**** Given data
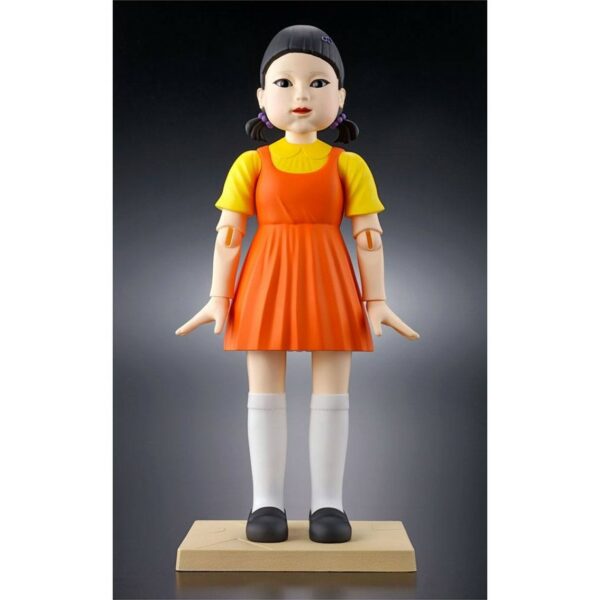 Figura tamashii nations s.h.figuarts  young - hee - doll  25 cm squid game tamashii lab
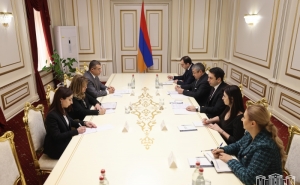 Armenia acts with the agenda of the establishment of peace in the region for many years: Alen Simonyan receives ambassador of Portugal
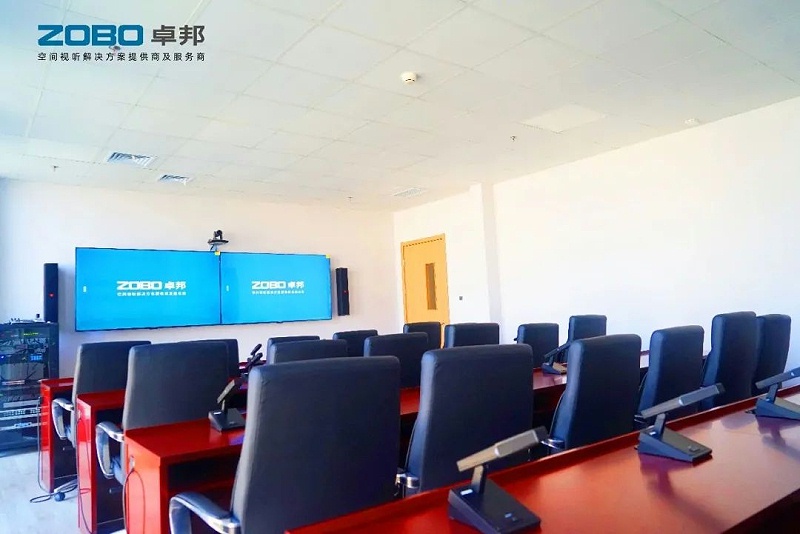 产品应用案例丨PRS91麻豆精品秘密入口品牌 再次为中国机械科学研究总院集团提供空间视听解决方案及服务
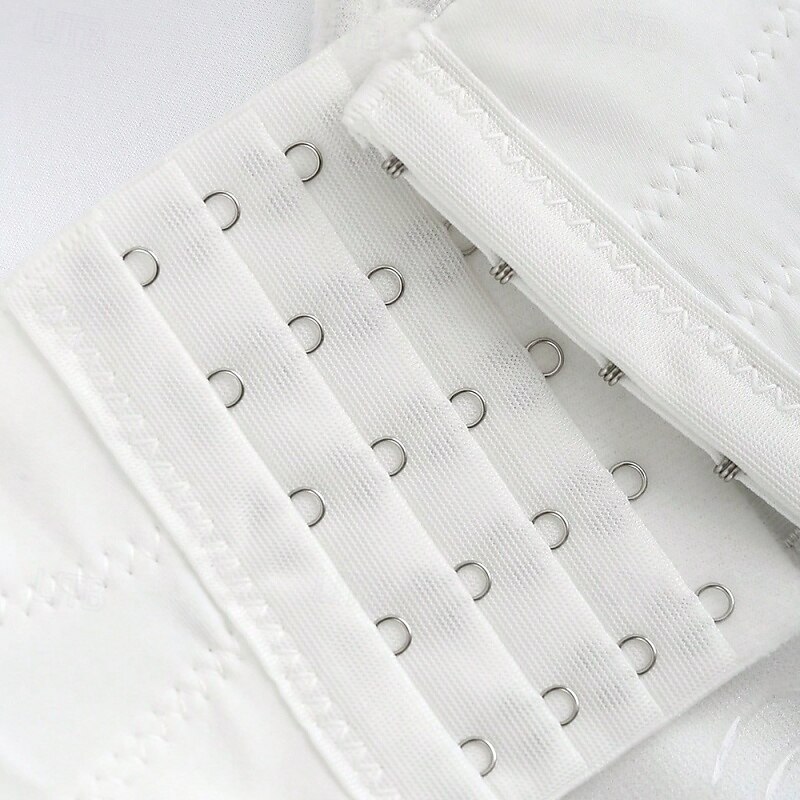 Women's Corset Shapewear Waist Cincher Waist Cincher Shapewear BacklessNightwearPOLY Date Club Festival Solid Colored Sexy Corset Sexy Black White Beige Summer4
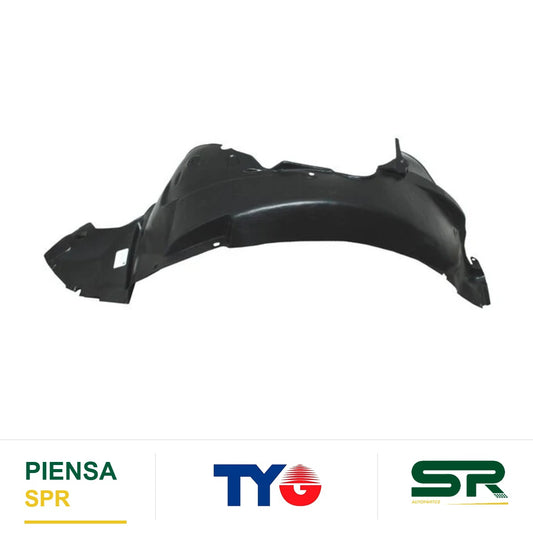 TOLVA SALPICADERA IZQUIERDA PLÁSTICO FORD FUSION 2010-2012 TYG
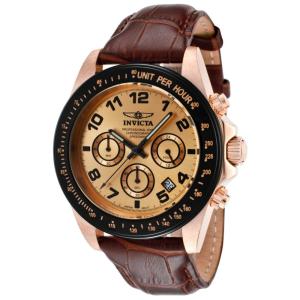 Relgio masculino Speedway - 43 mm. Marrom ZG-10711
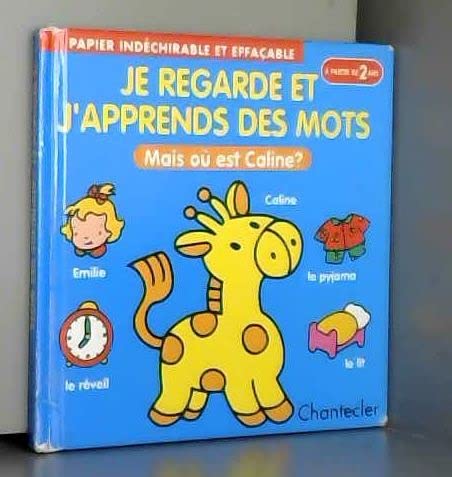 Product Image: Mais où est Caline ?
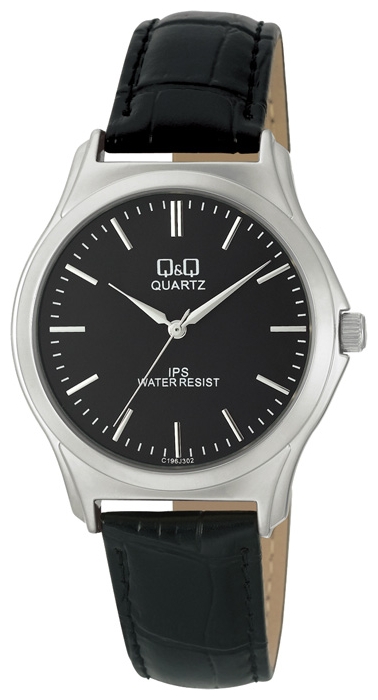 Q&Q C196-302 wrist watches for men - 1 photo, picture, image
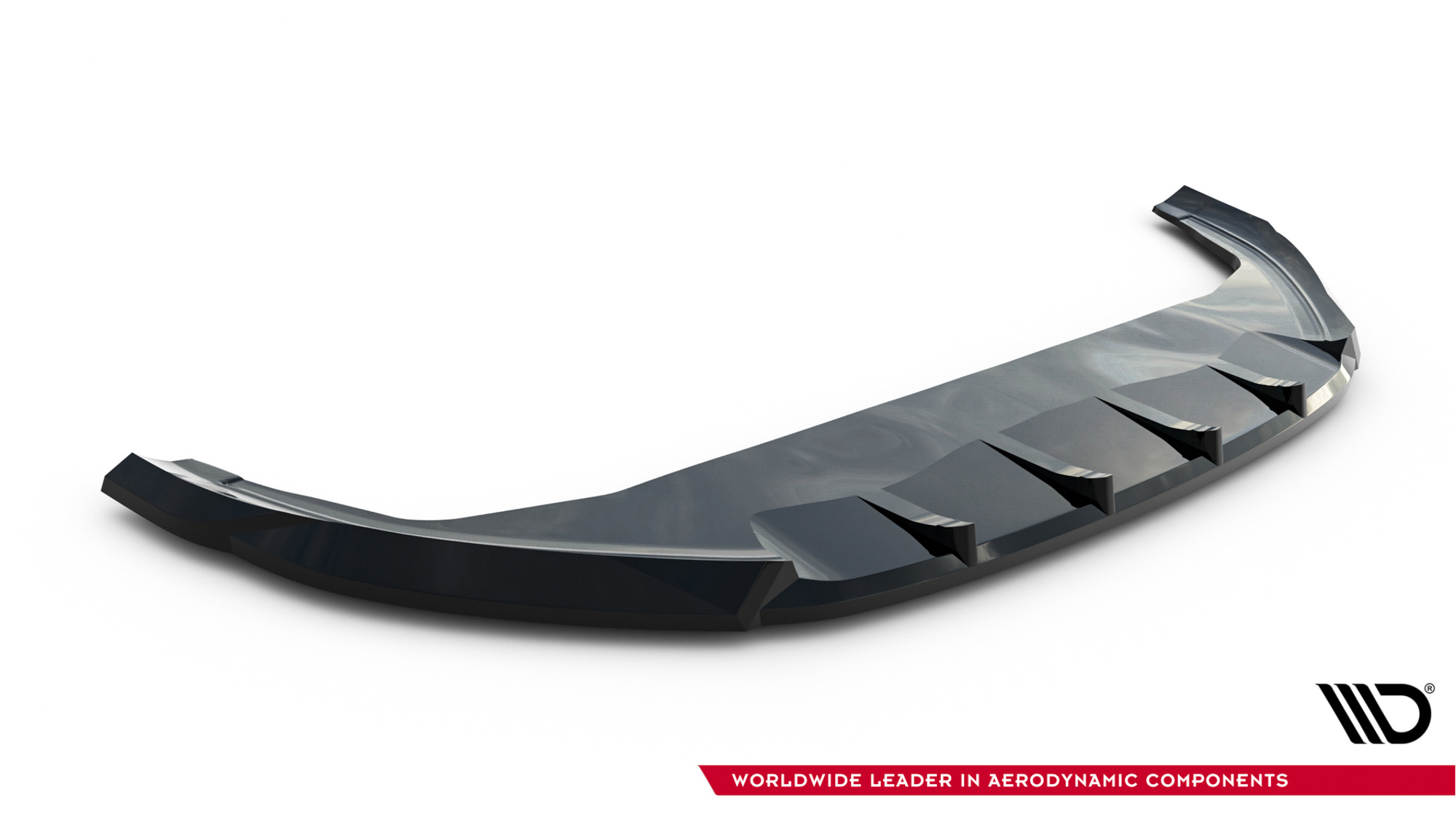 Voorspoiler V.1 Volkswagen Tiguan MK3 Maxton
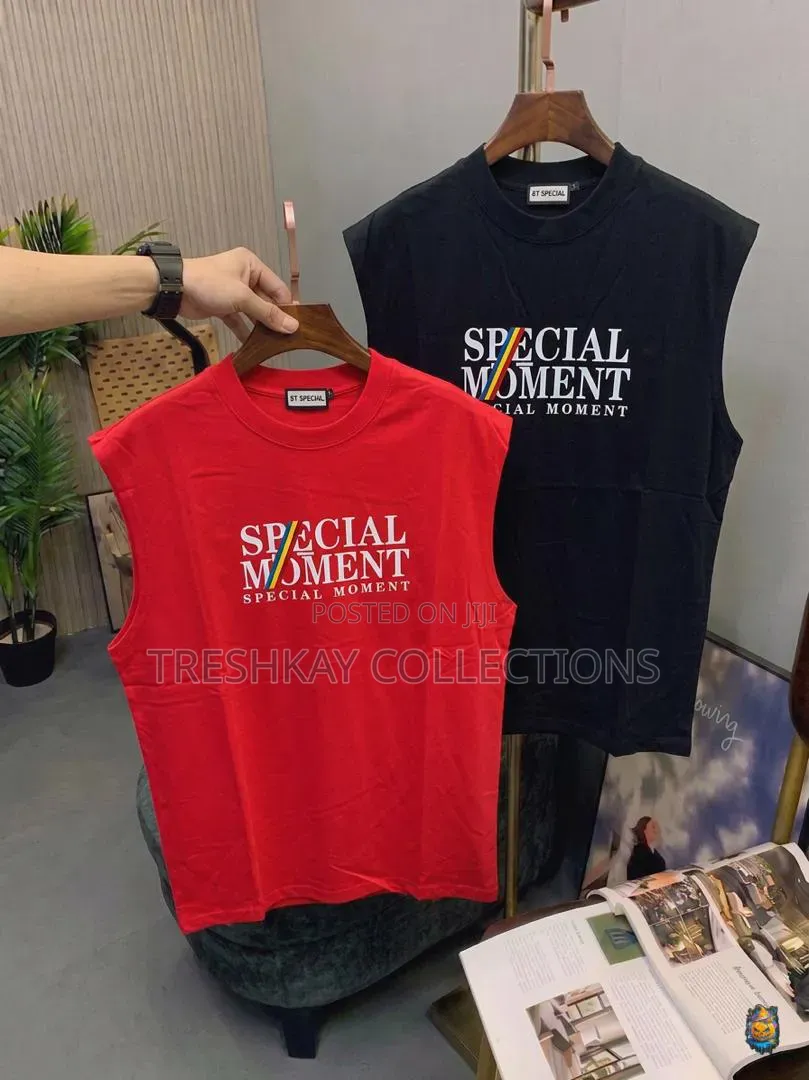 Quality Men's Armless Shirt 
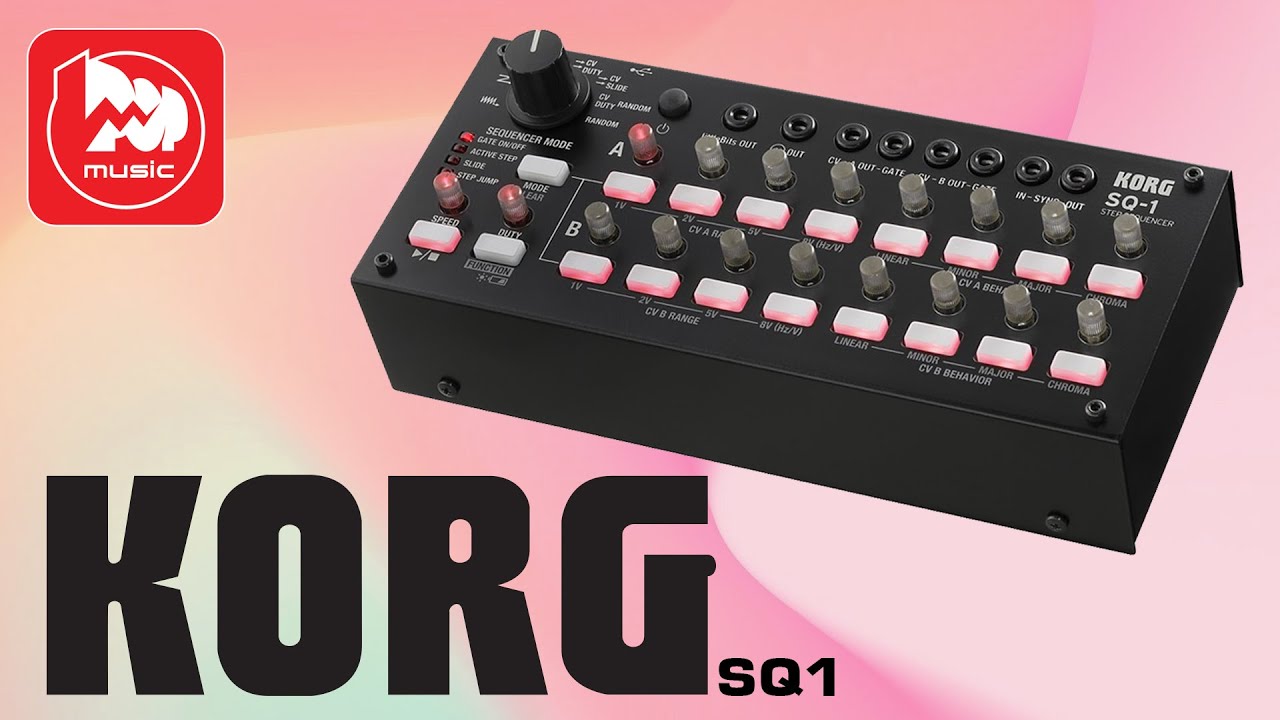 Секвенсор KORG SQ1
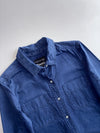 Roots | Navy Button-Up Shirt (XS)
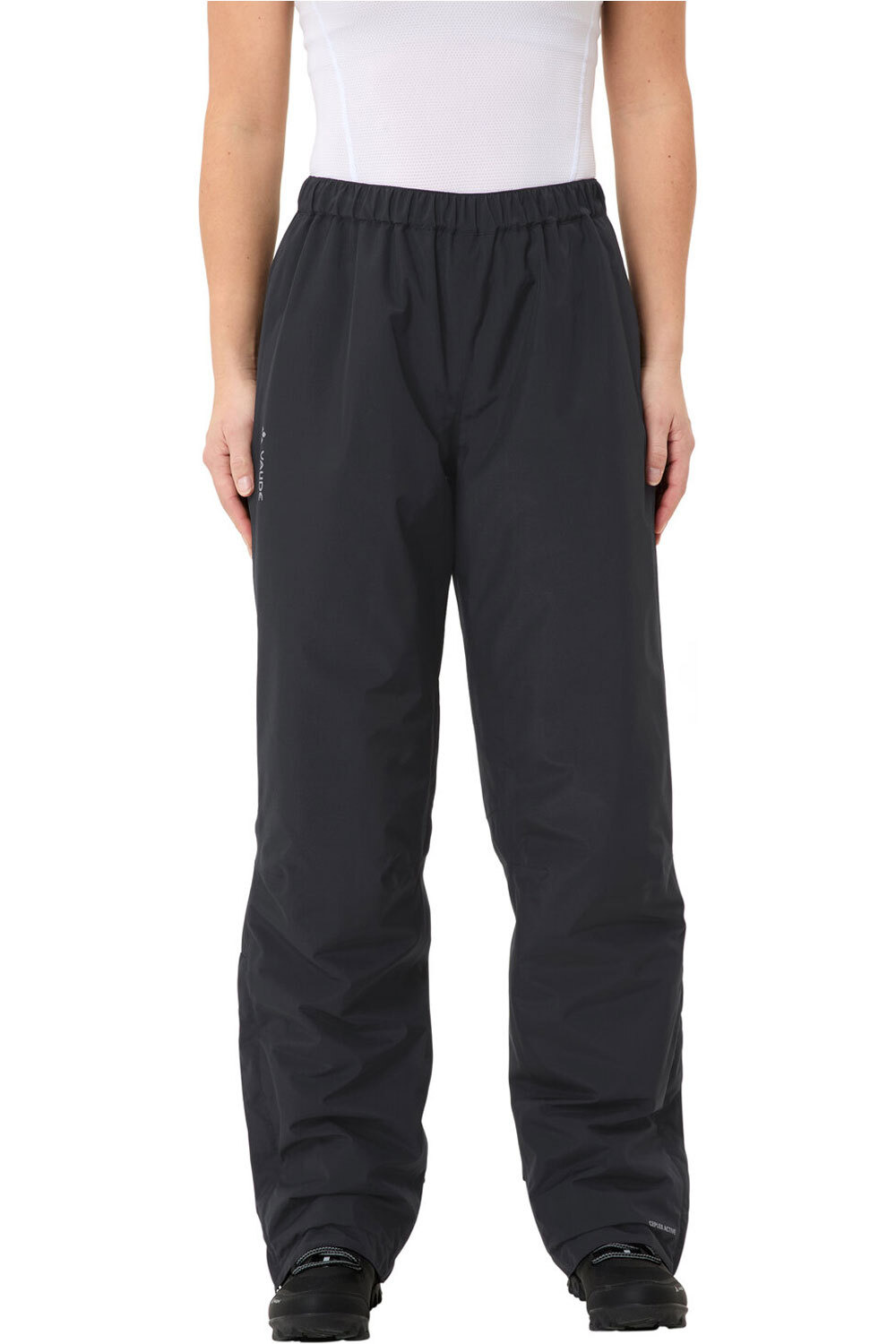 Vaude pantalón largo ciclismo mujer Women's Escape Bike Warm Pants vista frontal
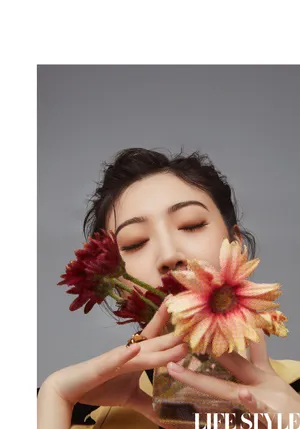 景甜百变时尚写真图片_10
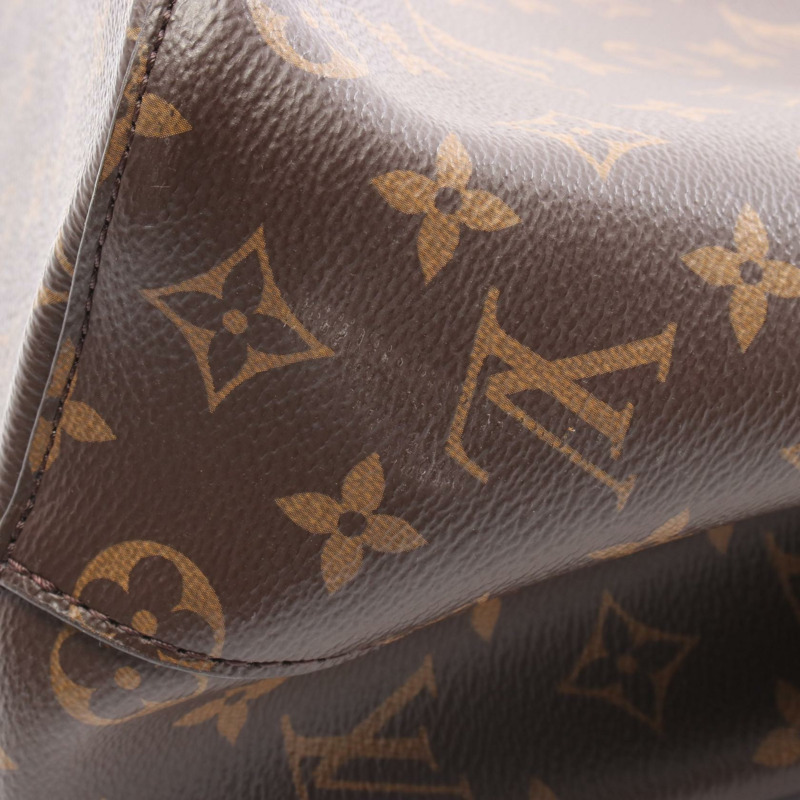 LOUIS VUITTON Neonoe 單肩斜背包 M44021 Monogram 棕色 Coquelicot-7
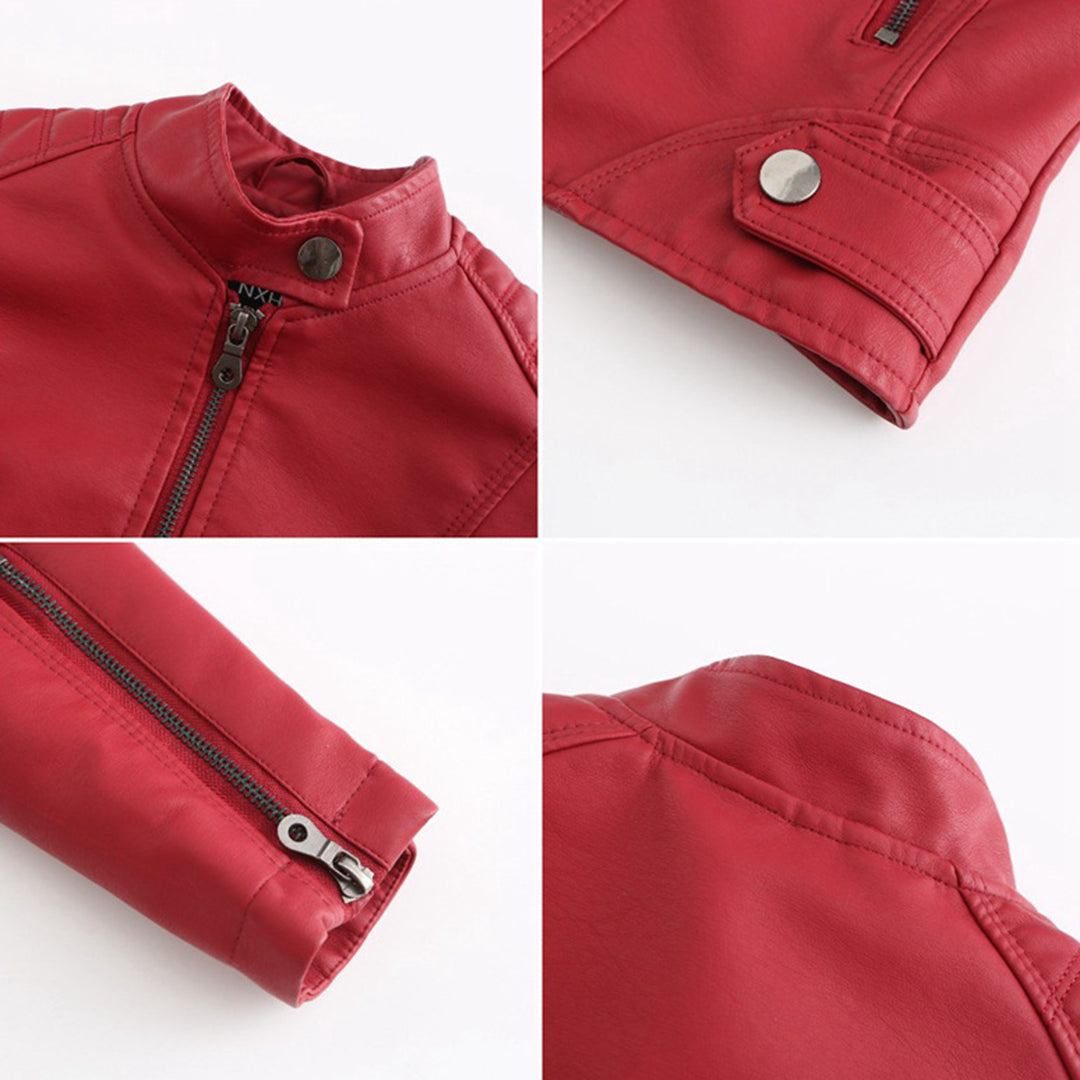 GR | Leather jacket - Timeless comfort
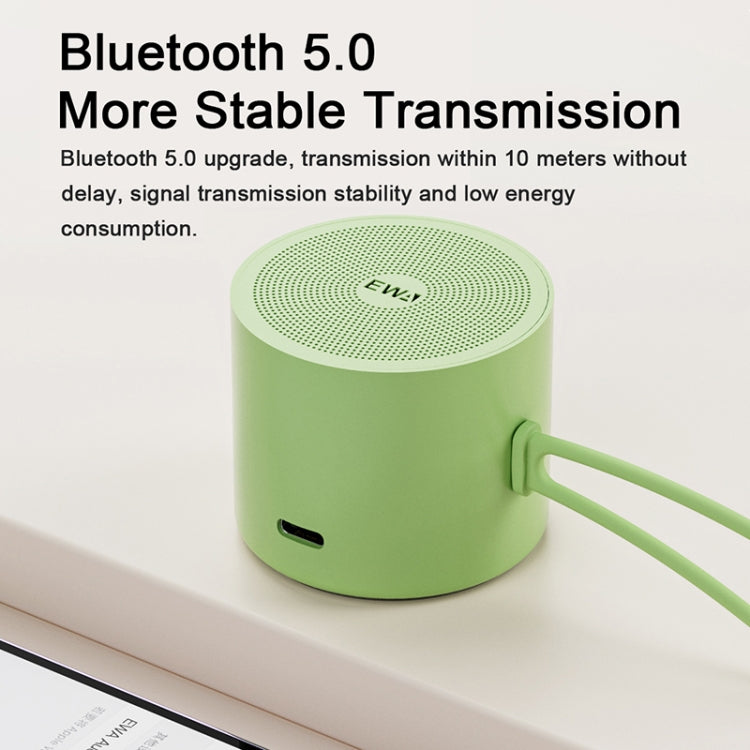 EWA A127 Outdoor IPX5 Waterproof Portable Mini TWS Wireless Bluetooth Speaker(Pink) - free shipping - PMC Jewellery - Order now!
********
● **Work instruction**
Repeat, without pictures, exactly the lines of the data above from the one containing "Women's Corset Shapewear" through the one containing "Quality Men's Armless Shirt", including both and adding nothing.

● **Solution below**
 Women's Corset Shapewear Waist Cincher Waist Cincher Shapewear BacklessNightwearPOLY Date Club Festival Solid Colored Sexy Corset Sexy Black White Beige Summer4
 TOLVA SALPICADERA IZQUIERDA PLÁSTICO FORD FUSION 2010-2012 TYG
 Relgio masculino Speedway - 43 mm. Marrom ZG-10711
 Product Image: Mais où est Caline ?
 Q&Q C196-302 wrist watches for men - 1 photo, picture, image
 Voorspoiler V.1 Volkswagen Tiguan MK3 Maxton
 Quality Men's Armless Shirt 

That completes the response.